## What the exercise asks
Give back each line of the data exactly as it reads, minus the pictures.

## Collected data
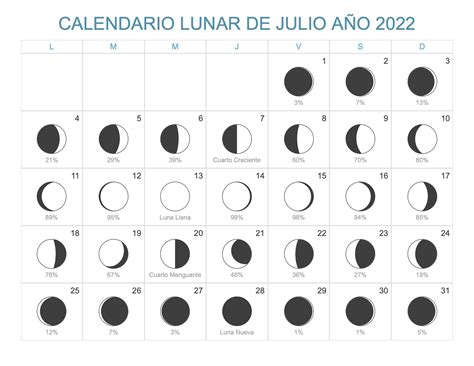 Fases De La Luna Octubre 2022 Costa Rica IMAGESEE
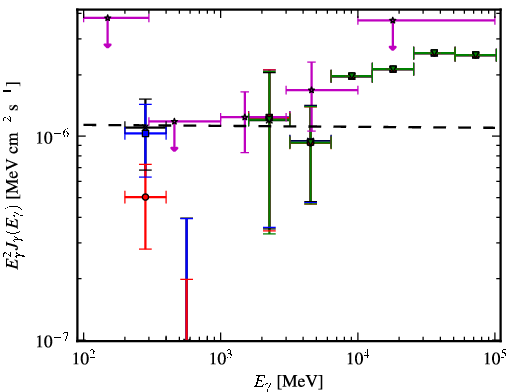 Spectra for 1FGL_J0622.3-2604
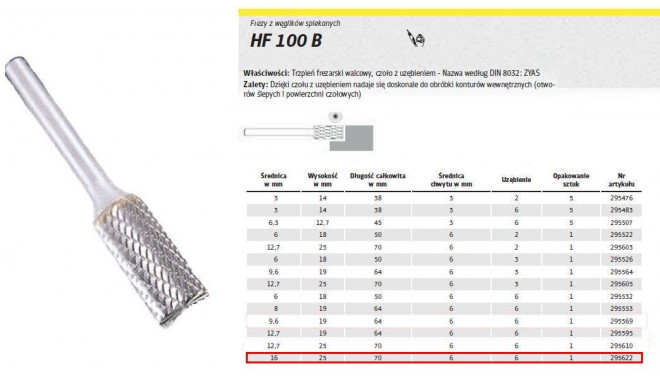 K. ÜHEKORDNE SÜSINIKLÕIKUR HF 100 B/16mm/622 SILINDER FI=16.0x25mm, vars 6mm, ZYAS TÜÜP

## Response area
 Fases De La Luna Octubre 2022 Costa Rica IMAGESEE
 Spectra for 1FGL_J0622.3-2604
 K. ÜHEKORDNE SÜSINIKLÕIKUR HF 100 B/16mm/622 SILINDER FI=16.0x25mm, vars 6mm, ZYAS TÜÜP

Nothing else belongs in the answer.